Following the success of DeepMoji and TorchMoji (1, 2), we would like to leverage Twitter as an open source of self-annotated data to create a balanced multi-language "in-the-wild" sentiment dataset to test the quality of various NLP models and/or word/sub-word tokenization techniques.

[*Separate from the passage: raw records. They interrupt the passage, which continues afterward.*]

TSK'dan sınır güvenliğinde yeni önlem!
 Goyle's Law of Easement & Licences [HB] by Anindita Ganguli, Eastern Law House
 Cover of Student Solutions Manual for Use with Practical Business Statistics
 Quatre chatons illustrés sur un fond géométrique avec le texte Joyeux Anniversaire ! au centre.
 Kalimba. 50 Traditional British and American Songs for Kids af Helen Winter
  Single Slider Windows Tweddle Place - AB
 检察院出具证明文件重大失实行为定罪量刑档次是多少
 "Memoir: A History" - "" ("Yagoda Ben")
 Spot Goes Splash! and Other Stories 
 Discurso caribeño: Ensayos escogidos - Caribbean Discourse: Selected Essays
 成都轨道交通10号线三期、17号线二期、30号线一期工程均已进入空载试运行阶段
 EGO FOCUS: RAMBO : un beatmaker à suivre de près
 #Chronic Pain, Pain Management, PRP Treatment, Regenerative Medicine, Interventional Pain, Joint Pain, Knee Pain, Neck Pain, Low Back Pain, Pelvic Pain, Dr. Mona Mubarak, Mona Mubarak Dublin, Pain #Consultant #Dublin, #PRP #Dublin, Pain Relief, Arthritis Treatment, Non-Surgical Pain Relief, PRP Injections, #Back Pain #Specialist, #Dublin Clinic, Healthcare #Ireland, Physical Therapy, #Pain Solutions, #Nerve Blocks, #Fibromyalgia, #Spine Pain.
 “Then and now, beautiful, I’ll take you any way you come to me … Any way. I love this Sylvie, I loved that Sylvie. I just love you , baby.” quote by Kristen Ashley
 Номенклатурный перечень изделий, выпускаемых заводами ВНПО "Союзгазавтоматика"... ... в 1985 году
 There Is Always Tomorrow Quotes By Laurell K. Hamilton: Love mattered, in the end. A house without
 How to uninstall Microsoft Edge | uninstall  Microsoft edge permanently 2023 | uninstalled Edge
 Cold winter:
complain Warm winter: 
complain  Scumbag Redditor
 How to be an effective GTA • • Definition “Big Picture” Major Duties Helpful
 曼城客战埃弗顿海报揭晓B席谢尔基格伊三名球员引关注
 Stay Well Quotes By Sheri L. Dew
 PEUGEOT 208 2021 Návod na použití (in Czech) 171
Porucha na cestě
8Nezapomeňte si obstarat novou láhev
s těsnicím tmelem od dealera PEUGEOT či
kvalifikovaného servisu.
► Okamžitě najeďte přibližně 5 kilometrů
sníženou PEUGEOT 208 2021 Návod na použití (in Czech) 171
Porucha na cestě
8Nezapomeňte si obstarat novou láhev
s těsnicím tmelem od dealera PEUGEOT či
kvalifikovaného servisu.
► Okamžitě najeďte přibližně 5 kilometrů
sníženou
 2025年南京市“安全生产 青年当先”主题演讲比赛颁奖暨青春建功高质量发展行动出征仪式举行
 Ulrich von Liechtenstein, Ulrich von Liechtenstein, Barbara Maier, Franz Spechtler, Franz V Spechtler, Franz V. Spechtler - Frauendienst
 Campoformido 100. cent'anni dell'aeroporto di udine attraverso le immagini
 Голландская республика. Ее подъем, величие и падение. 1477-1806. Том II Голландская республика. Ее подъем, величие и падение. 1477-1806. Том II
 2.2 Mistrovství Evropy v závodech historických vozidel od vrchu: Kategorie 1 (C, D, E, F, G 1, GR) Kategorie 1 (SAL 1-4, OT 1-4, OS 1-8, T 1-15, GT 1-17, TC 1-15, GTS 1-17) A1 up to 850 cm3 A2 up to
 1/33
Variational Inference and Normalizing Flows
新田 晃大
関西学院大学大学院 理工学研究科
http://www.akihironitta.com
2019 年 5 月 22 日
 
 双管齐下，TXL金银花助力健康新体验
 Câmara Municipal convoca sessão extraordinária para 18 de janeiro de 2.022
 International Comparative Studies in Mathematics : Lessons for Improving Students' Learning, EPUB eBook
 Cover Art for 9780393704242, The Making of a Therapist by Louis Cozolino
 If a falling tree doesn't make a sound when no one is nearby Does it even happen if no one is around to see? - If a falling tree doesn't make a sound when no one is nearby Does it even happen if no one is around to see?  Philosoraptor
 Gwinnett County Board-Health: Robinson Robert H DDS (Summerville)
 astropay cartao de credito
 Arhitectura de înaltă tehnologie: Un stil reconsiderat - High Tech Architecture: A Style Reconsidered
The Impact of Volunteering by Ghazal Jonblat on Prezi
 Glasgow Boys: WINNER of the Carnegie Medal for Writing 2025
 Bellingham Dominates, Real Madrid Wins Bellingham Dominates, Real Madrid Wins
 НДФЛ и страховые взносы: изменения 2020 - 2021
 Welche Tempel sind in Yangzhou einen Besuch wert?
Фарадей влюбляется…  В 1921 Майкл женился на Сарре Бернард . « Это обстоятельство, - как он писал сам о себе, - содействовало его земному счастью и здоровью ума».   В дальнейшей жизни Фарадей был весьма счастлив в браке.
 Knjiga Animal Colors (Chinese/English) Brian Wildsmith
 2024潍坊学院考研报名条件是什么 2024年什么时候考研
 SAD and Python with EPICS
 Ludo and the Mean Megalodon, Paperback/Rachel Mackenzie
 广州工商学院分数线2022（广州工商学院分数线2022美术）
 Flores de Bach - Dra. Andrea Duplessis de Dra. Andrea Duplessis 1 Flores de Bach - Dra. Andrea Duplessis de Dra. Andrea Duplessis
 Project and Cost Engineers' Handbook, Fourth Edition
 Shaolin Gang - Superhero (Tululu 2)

Name | Sample size | Word vocab | Ngram vocab | Family | Alphabet | Speakers L1, m |
---|---|---|---|---|---|---|
Korean (ko) | 198,561 | 516,021 | 1,862,406 | Koreanic | Hangul | 77 |
Arabic (ar) | 199,993 | 287,578 | 1,428,286 | Afro-Asiatic | Arabic alphabet | 300 |
Turkish (tr) | 199,993 | 203,657 | 687,284 | Turkic | Latin | 80 |
Russian (ru) | 241,117 | 172,653 | 812,315 | Indo-European | Cyrillic | 150 |
Spanish, Castilian (es) | 299,995 | 117,629 | 498,977 | Indo-European | Latin | 480 |
Indonesian (id) | 199,357 | 100,272 | 458,047 | Austronesian | Latin | 43 |
French (fr) | 299,995 | 99,631 | 476,360 | Indo-European | Latin | 77 |
German (de) | 184,109 | 99,213 | 516,005 | Indo-European | Latin | 90 |
English (en) | 299,995 | 95,666 | 523,046 | Indo-European | Latin | 400 |
Italian (it) | 210,703 | 95,604 | 398,091 | Indo-European | Latin | 69 |
Thai (th) | 349,995 | 73,425 | 558,911 | Tai–Kadai | Thai script | 30 |
- Download and process tweet archives from archive team;
- Filter Twitter-specific content (re-tweets, hashtags, citations, etc);
- Predict language with FastText and select items with high confidence (80-90%+);
- Select tweets that:
- Contain one of 64 emojis used in TorchMoji / DeepMoji;
- Do not contain other emojis;
- Have only one block of consecutive emojis;
- There is only one type of emoji per tweet;
- Dataset pre-processing and balancing;
- TODO
Dual license, cc-by-nc and commercial usage available after agreement with dataset authors.